As noted above, individuals with PTSD are at high risk for deficiencies in Allo+PA—and deficits in Allo or Allo+PA production have been associated with poor extinction retention in male rodents and women with PTSD. Synthesis of these GABAergic neurosteroids is initiated de novo by ACTH in the adrenal gland, luteinizing hormone (LH) in the ovaries and testes, and NMDA receptor activation (with facilitation by co-activation of G-protein coupled receptors) in neurons (reviewed in Rasmusson and Pineles32)--and appears to peak within an hour of synthesis initiation, as demonstrated in response to swim stress76, maximum load exercise77, and activation of hippocampal neurons78. Izumi et al.78 showed in turn that activation of neuronal synthesis of these GABAergic neurosteroids is essential to the production of LTD and/or LTP interference.

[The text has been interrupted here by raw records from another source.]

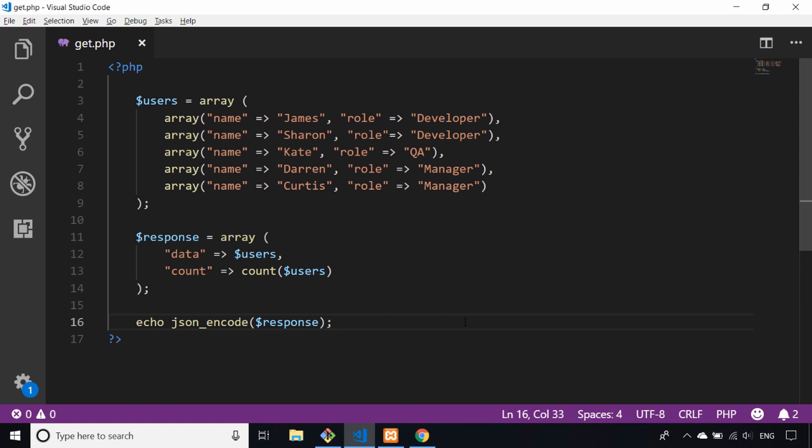For this demonstration I've created a really basic PHP script that outputs some data. You can see here there's an array of users with names and their potential roles within a company, and there's a response that's constructed which is sent at the end of the script in a JSON encoded format.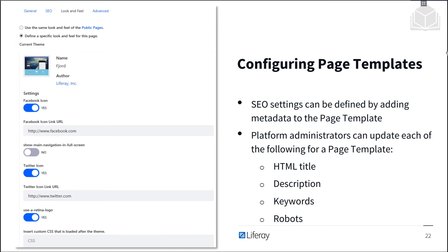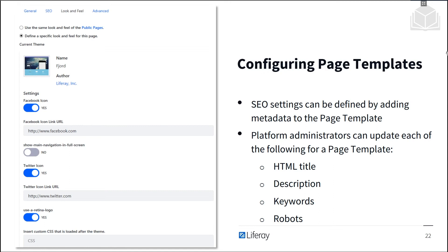Search engine optimization settings can be defined for page templates so that the SEO settings don't have to be manually applied to each page based on the template. The HTML title, description, and keywords of a page can all have a significant impact on where a page ends up in a search engine's results list. The robots.txt file of a page can provide important information to search engine indexers about which pages and information should and should not be indexed and searchable. All of these page attributes can be configured in a page template.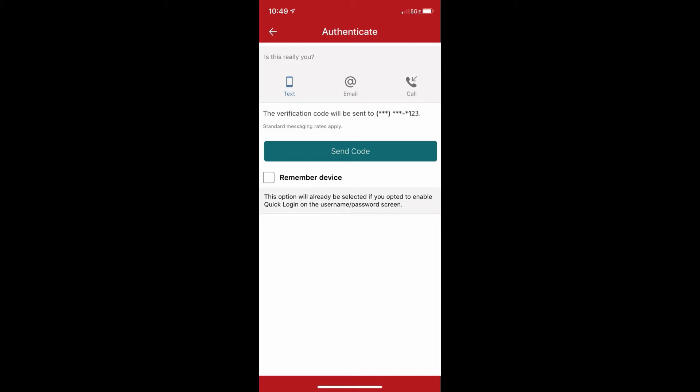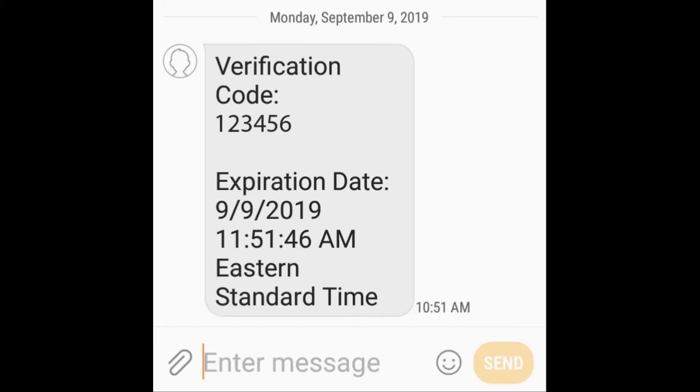Once you have this selected, you can hit the send code button down below. If that has gone through, you should receive either a phone call, text, or email, whichever you selected.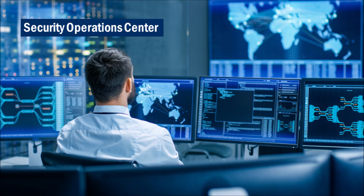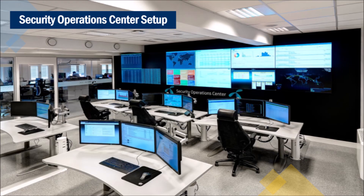In our last video, we understood SOC and its functions. SOC, an Information Security Operations Center, is a facility where security staff monitor enterprise systems, defend against security breaches, and proactively identify and mitigate security risks. SOC is a centralized function within an organization, employing people, processes, and technology to continuously monitor and improve an organization's security posture.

While LTD contributes directly to extinction62, LTP interference is thought to promote extinction retention by protecting recently modulated neuronal synapses (as may occur during extinction training) from further modification during the subsequent one- to six-hour period of memory consolidation79. Slowly rising intraneuronal levels of Allo or PA may contribute to LTD or LTP interference via: 1) facilitation of GABAA receptor-mediated inhibition of p38 mitogen-activated protein kinase (MAPK)/extracellular-signal regulated kinase (ERK) pathway production of PKA80,81, resulting in disruption of Glu-R1 serine 845 phosphorylation and synaptic incorporation of AMPA receptors, and 2) slowly rising levels of the sulfated metabolites of Allo and PA (i.e., Allo-S and PA-S) that antagonize NMDA receptor activation82,83. Simultaneous enhancement of the function of extrasynaptic GABAA receptors upregulated or persisting in amygdala after aversive conditioning84 by increasing Allo and PA levels during re-exposure to conditioned aversive stimuli likely restrains downstream activation of brainstem monoamine inputs to prefrontal cortex (PFC) (that, if to high, can disrupt working memory and PFC inhibition of the amygdala60). PFC-amygdala connectivity thus may be promoted as a substrate for consolidation—as critical for the subsequent expression of extinction.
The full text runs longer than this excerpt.